- Pamela Rodgers: I went to Mexico for the Olympics this summer.
- Jeremy Lloyd: Pam, you pretty parsnip, the Olympics were last summer!
- Pamela Rodgers: No wonder I got such a good seat.
- Dick Martin: [shouting from the sidelines] You sure have, pussycat!
- Dan Rowan: And now, as we travel further along Memory Lane, it's time for this season's first flying Finkle Finger of Fate award.
- Dick Martin: And, pray tell, who gets the daring, delightful, darling, darting, digitous derringer dis time?
- Dan Rowan: Goldie, did you see the astronauts land on the moon?
- Goldie Hawn: No, my bedroom window faces in the other direction.
- Tyrone Horneigh: Remember the great words of Myra Breckinridge... .
- [falls asleep and snores]
- Johnny Carson: [finishing the joke] If you wait just a minute, honey, I'll change into something.
- Alan Sues: I could have starred in True Grit, but they wanted me to ride bareback. I just don't do nudies.

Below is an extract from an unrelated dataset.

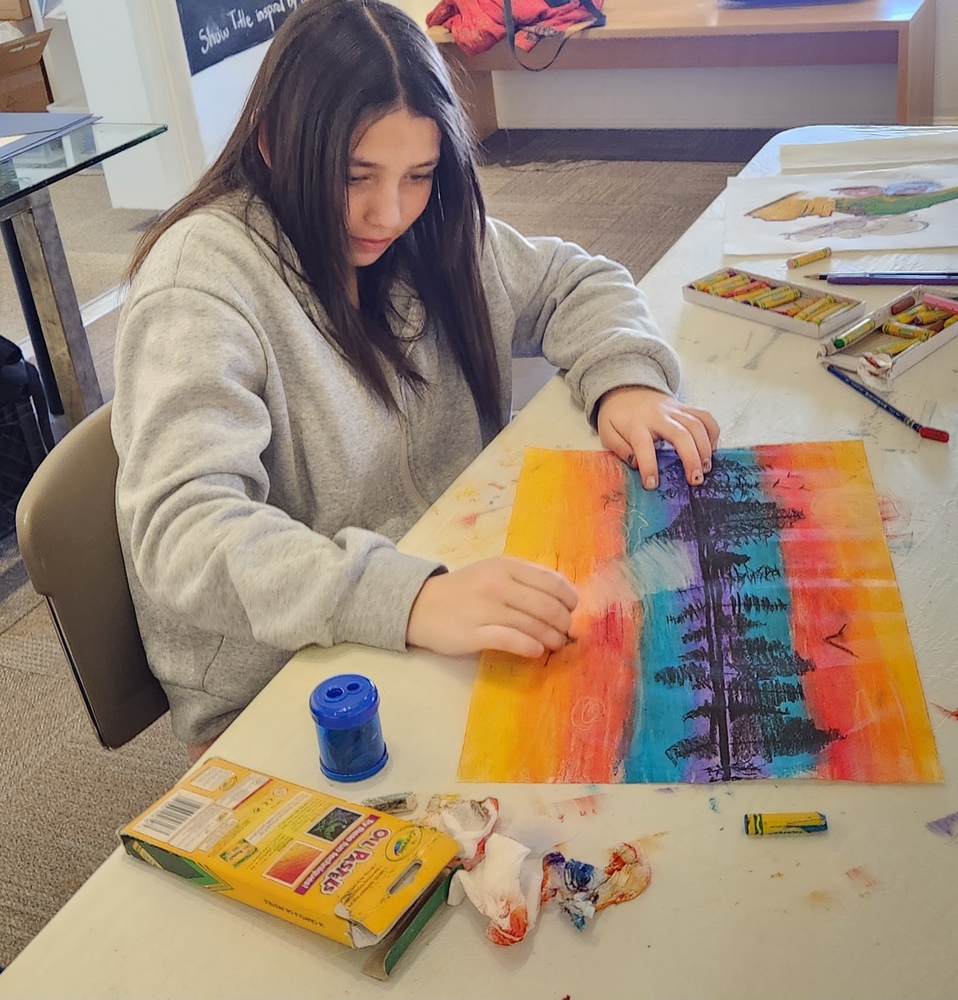 Milagro students make art at the Georgia O’Keeffe  Museum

Kim Darby got the part.
- Dan Rowan: You know, a lot of countries are on the gold standard.
- Dick Martin: Oh, yeah? Who's on silver?
- Dan Rowan: The Lone Ranger.
- Alan Sues: Hey, gang, if you know any teenagers in prison, send them some candy and help them break out.
- Gladys Ormphby: [kisses for sale for one dollar] I've been selling kisses all day long and so far, I've made a dollar and five cents.
- Johnny Carson: Who gave you a nickle?
- Gladys Ormphby: Everybody.
- Johnny Carson: Who gave you the joke?
- Gladys Ormphby: Everybody!
- Johnny Carson: What the hey...
- The Parson: Surely there must be a better way to interest young people in the Bible then referring to Samson and Delilah as the original cast of Hair?
- Dick Martin: Oh, you got to be careful, remember, there's five sides to every story at the Pentagon.
- Dick Martin: And now, with this week's scoop from Beautiful Downtown Burbank, here is the lovely and talented Mrs. Harry Karl, affectionately referred to by her husband as the lovely and talented Mrs. Harry Karl. Now then, here is the lovely and talented Mrs. Harry Karl.
- Debbie Reynolds: Well, this has been the lovely and talented Mrs. Harry Karl, bringing you the news from Beautiful Downtown Burbank. Girls?
- General Bullwright: All right, America, shape up or ship out. General Bullwright here. Drop your socks and grab your pencils.
- Announcer: Meanwhile, back at the News of the Past, when we last saw Abe Fortas, it was the last we saw of Abe Fortas.